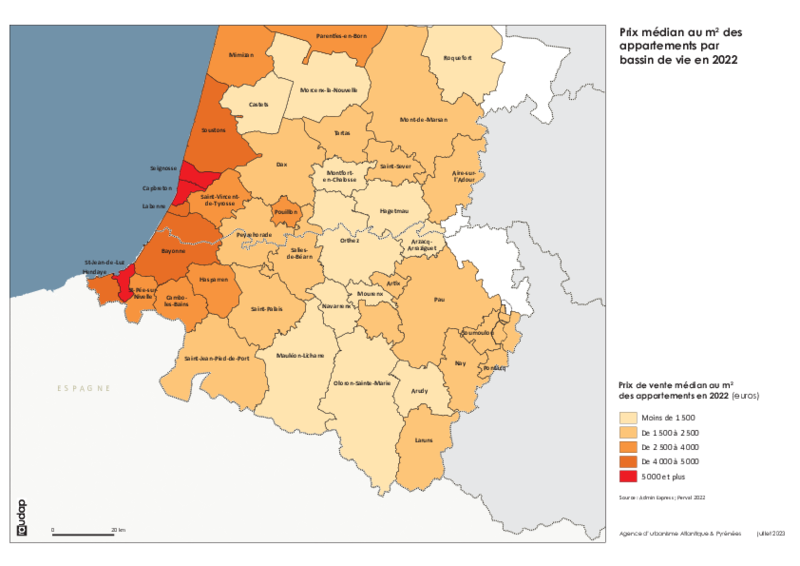 Prix médian au m2 des appartements par bassins de vie en 2022 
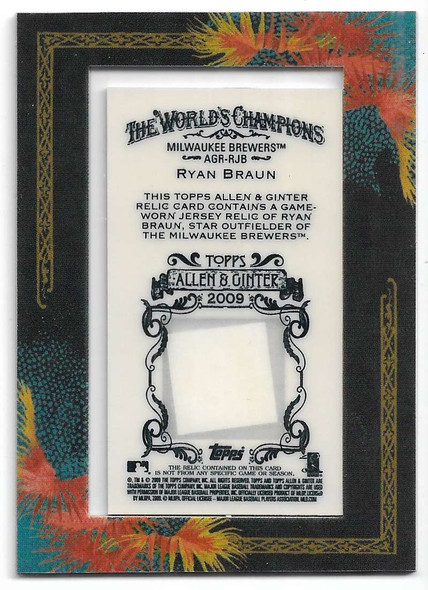 Ryan Braun 2009 Topps Allen & Ginter Relics Jersey Card AGR-RJB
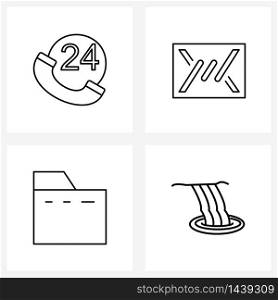 Set of 4 Simple Line Icons of call, file, phone call, security, document Vector Illustration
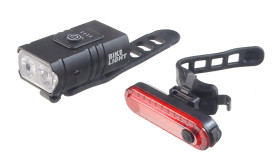 Zestaw lamp rowerowych LED ładowalnych przód/tył USB BK02+HJ056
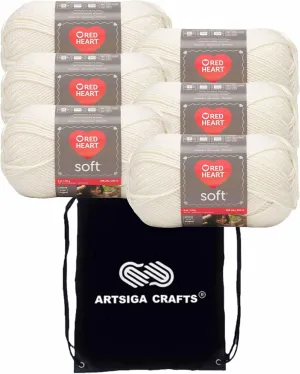 Red Heart Soft Off White E728-4601 (6-Skeins - Same Dye Lot) Worsted Medium #4 Acrylic Yarn for Crocheting and Knitting with Project Bag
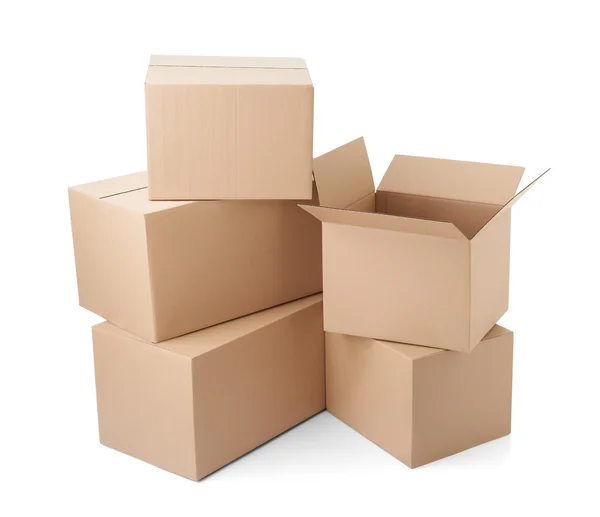 Caixa de papelão pacote de transporte em movimento entrega — Fotografia de Stock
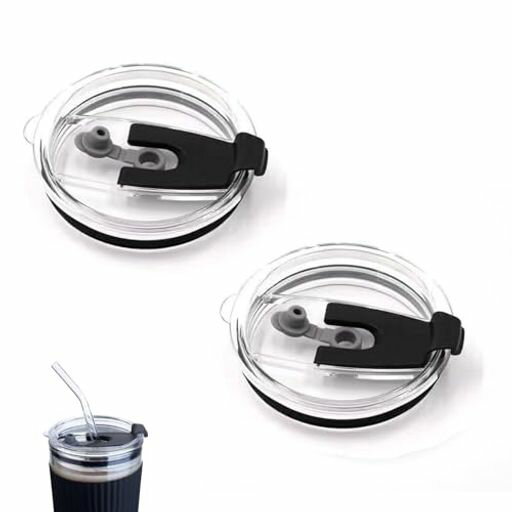 樂天商城 - YANYULI タンブラー 蓋 2個入り 20OZ ストロー口付き 透明 密閉性 漏れ防止 持ち歩き マグカップ (黒色-20OZ)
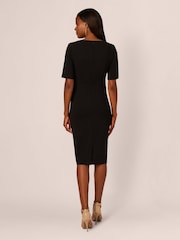 Preto - Adrianna Papell Crepe Tie Front Midi Dress - Imagem 2 de 7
────────────────
#### What you will do:
In the records above, find the line containing "Zestaw lamp rowerowych". Reproduce it and every line after it through the last line, omitting pictures.

#### Output for this task:
 Zestaw lamp rowerowych LED ładowalnych przód/tył USB BK02+HJ056
 Red Heart Soft Off White E728-4601 (6-Skeins - Same Dye Lot) Worsted Medium #4 Acrylic Yarn for Crocheting and Knitting with Project Bag
 Caixa de papelão pacote de transporte em movimento entrega — Fotografia de Stock
 樂天商城 - YANYULI タンブラー 蓋 2個入り 20OZ ストロー口付き 透明 密閉性 漏れ防止 持ち歩き マグカップ (黒色-20OZ)
 Preto - Adrianna Papell Crepe Tie Front Midi Dress - Imagem 2 de 7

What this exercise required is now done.